Attention, middle-aged women: Gen Z is here to help.

It was a frosty morning in December, and I was hopping up and down trying to stay warm while I waited for the annual holiday 5K in Prospect Park to start. Runners milled around drinking hot chocolate and listening to a troupe of carolers dressed in Victorian garb, when a tall, dark-haired man strode into view, making me forget about the chill in my bones.
Imagine the chiseled profile of Ryan Gosling, the floppy curls of Timothée Chalamet, and the brooding eyes of Dev Patel rolled into one, and you’ll understand. He was probably 20 years my junior, which wouldn’t normally stop me from shooting my shot, but I wasn’t feeling my most alluring at that moment, just rolled out of bed and bundled up in spandex and fleece. Besides, the race was starting soon, and I needed to get to my corral at the back of the pack with the other arthritic middle-aged moms. But I did surreptitiously snap a photo and put it on my Instagram story, soundtracked by the Britney Spears classic, “My Only Wish (This Year).”
Santa, can you hear me?
I have been so good this year
And all I want is one thing
Tell me my true love is near
He’s all I want, just for me
Underneath my Christmas tree
By the time I crossed the finish line, I had a DM from my teenage daughter, replying to my story.
“Is that your friend?” she asked.
I told her he was not. Her reply came immediately.
“Mom, I love you, but you can’t post pictures of strangers like that.”
I tried to defend myself by saying that he was in public; a longtime fan of the Instagram account Hot Dudes Reading, I figured any hot dude who ventured out of his house was fair game. With the easy confidence and unwavering patience of a Gen Z-er who understands that her hapless Gen X mom is not a digital native, she assured me that this was not the case.

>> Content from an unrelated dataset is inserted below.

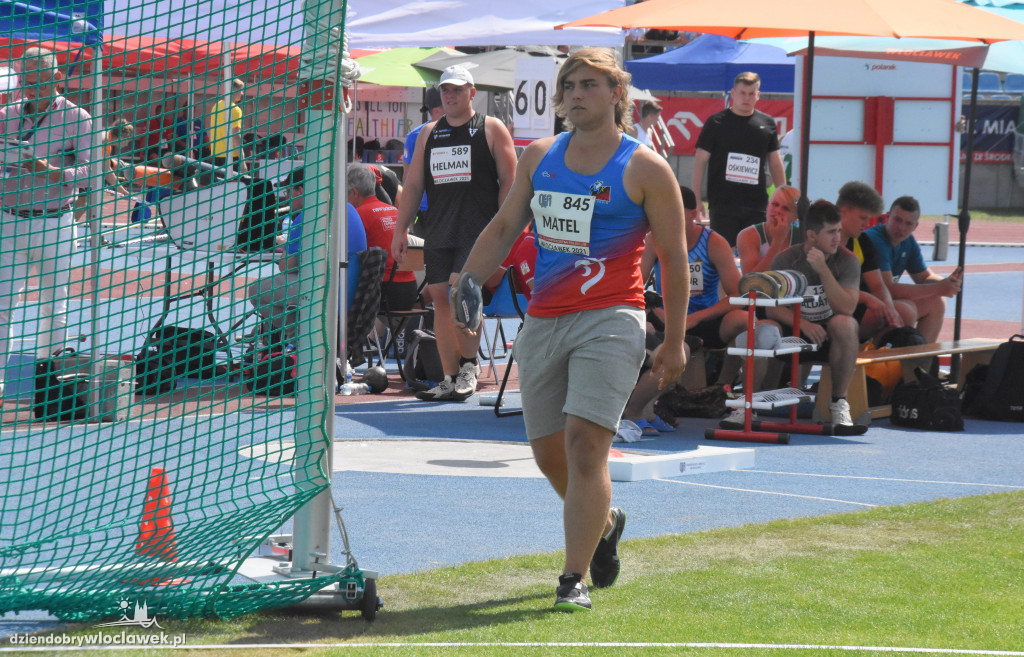 Trzeci dzień MP w Lekkiej Atletyce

It wasn’t the first time that one of my daughters has gently (okay, sometimes not-so-gently) chided me about my social media presence. (“Why can’t you just be a normal mom?” one of them once wailed, after an especially embarrassing post.) Listen, when you write about things like trying to eat pussy and lusting after Luigi Mangione, it’s hard to keep from humiliating your children. When I asked one of my daughters why her friends were following my Instagram in the first place, she looked pained.
“They’re fans of your brand, I guess,” she said.
“Oh? And what is my brand?” I asked, amused.
“I dunno—cringe?” she shrugged.
But I’m grateful they’re willing to act as my social media managers, even if I’ve brought shame upon our household.
In case you don’t have access to any helpful members of Gen Z, I’ve compiled a list of the top five things my kids have taught me about social media. Want to do it like the cool kids? Follow these rules. (Meanwhile, my kids are probably going to make fun of me for using the phrase, “do it like the cool kids.” Sigh.)
Ditch the Hashtags
This was the first thing my children called me out for, back in the early days of Instagram, when I thought it was funny to make up hashtags like #fakeittilyoumakeit and #blessedbutstillstressed. “Hashtags are for old people,” they told me, shaking their heads. I’ve changed my ways and hardly ever use a hashtag now, but the official word from Gen Z is, unless you’re using an established hashtag specifically meant to encourage engagement, widen your audience, and grow your follower count, skip it. #justdontdoit #neverhashtags #itsnotcute
Ask Before Tagging
It’s a good idea to ask anyone before you tag a photo of them, but if you have kids on social media, this one is even more crucial. If your account is public, their friends might stalk out their tagged photos, find your account, and then comb through every old picture you’ve ever posted of your children, all the way back to their awkward middle school phase. (Yes, people can remove tags of themselves, but what if their crush sees that unflattering photo before they get the chance to untag it?) In fact, it’s a good idea not to post pictures of people at all, unless you have permission—tag or no tag. My kids are much more willing to let me take their picture, now that they know I’ll never post without asking first.
Know Your Audience
One time I went to the gym with a friend right before I was supposed to go on a first date. My plan was to shower and get dressed for the date in the gym’s luxe locker room, but there was one problem: I forgot to bring a pair of clean underwear. My friend rinsed my gym undies in the sink, then dried them with a blow dryer while I did my hair and makeup. I posted a picture of her with my underwear and wrote a heartfelt caption about true friendship. When my older daughter saw it, she winced. “That one should’ve been for the close friends, Mom.” Lesson learned! (P.S. My date stood me up.)

Block with Abandon
My younger daughter is the queen of the block button: She has zero hesitation about blocking anyone who disturbs her peace. “It’s not about them—it’s for you,” she explains. The friend who ditched you when you were going through a tough time? The person who’s always posting about social gatherings you weren’t invited to? Your ex’s new girlfriend who you can’t stop yourself from stalking, even though it makes you feel like shit? Block them! When I don’t have the nerve to do it myself, I hand my phone over to my kid and she does it for me. “Here you go. Blocked on all platforms,” she says, giving it back in seconds. She’s a professional.
Take a Break
Sometimes, I look for one of my children’s Instagram profiles, and it’s gone. When I ask what happened, they shrug and tell me they just needed a break. “I read four books in a week,” my older daughter told me, after one of her social media hiatuses. I find it much harder to tear myself away from my phone than my children do, but when they tell me how much more they got done, and how much better they feel, it inspires me to delete the apps from my phone for a while. I haven’t yet managed to deactivate my accounts for a period of time, like they do, but one of these days, I aspire to be as strong as they are. Just not today…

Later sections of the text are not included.